What you should do
In your copy, include no images, and write out every entry below exactly as it stands.
_ _ _ _ _ _ _
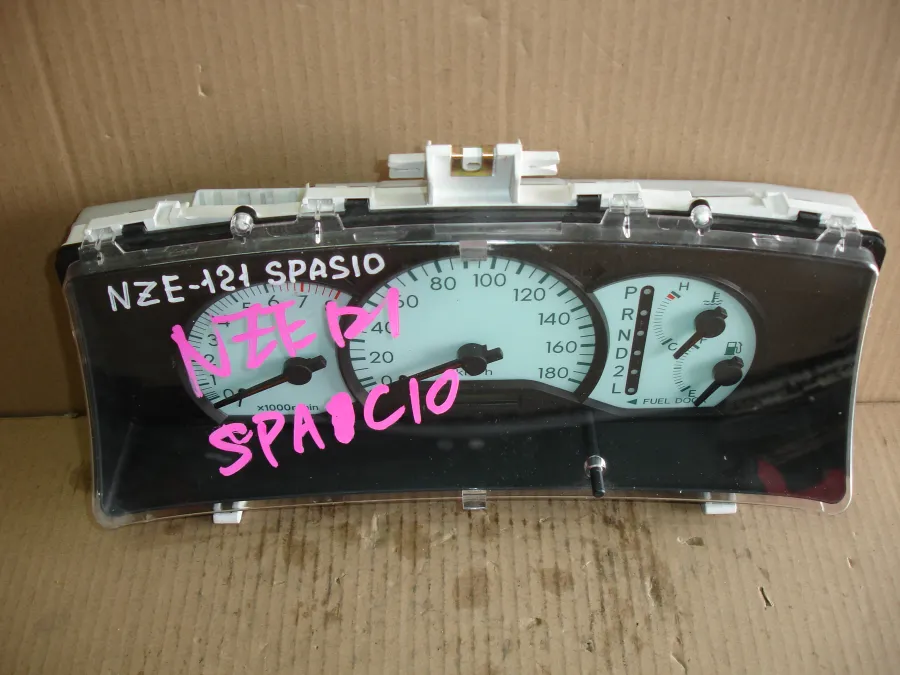 Панель приборов Toyota Corolla Spacio NZE121N (2 поколение) 2001-2007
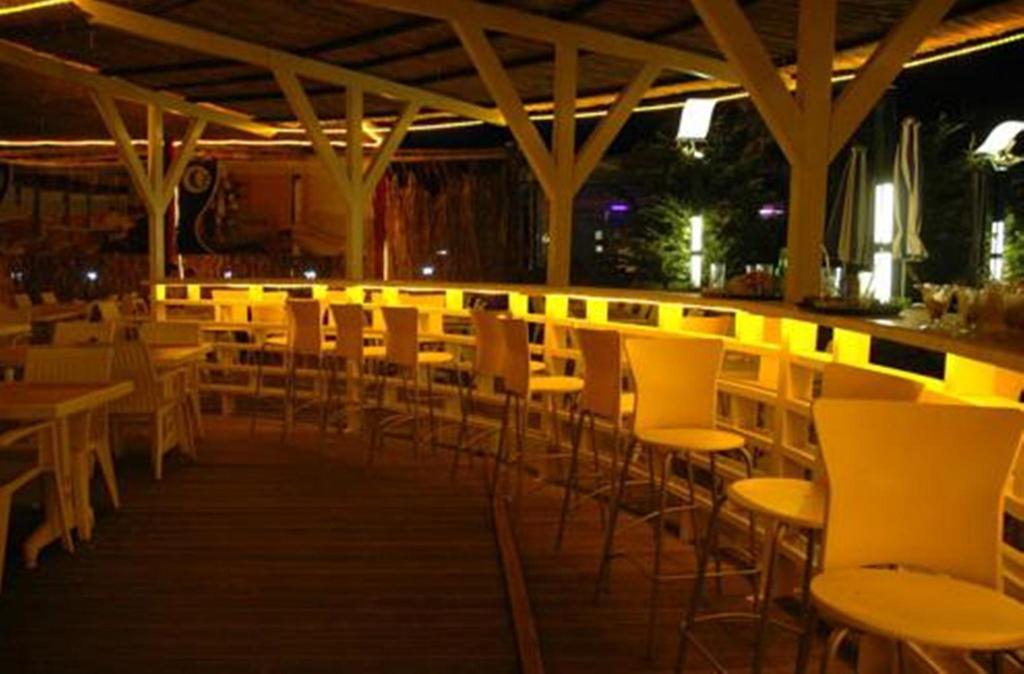 Vela Hotel Kryemëdhej Zewnętrze zdjęcie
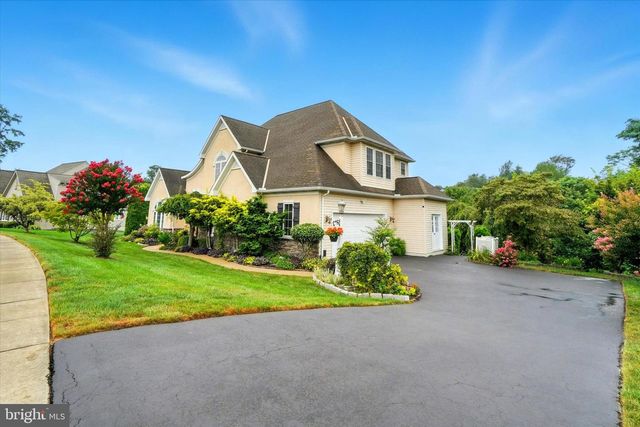 105 LIVIA LN, Wrightsville, PA 17368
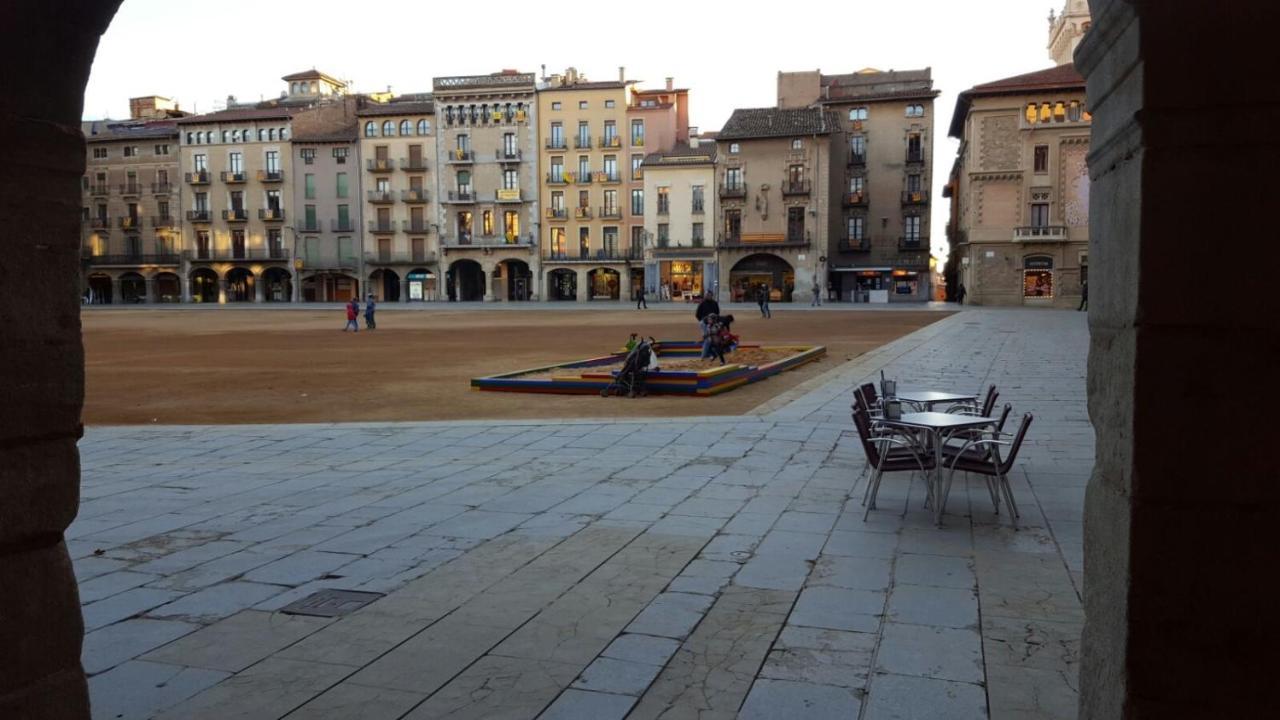 Vicus 2 Con Vistas A La Plaza Mayor De * Vic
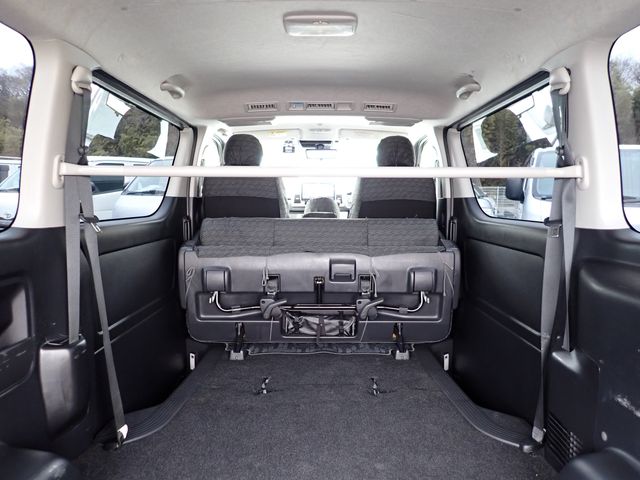 TOYOTA HIACE VAN 2WD 2021 Image 31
_ _ _ _ _ _ _
Answer to this exercise
 Панель приборов Toyota Corolla Spacio NZE121N (2 поколение) 2001-2007
 Vela Hotel Kryemëdhej Zewnętrze zdjęcie
 105 LIVIA LN, Wrightsville, PA 17368
 Vicus 2 Con Vistas A La Plaza Mayor De * Vic
 TOYOTA HIACE VAN 2WD 2021 Image 31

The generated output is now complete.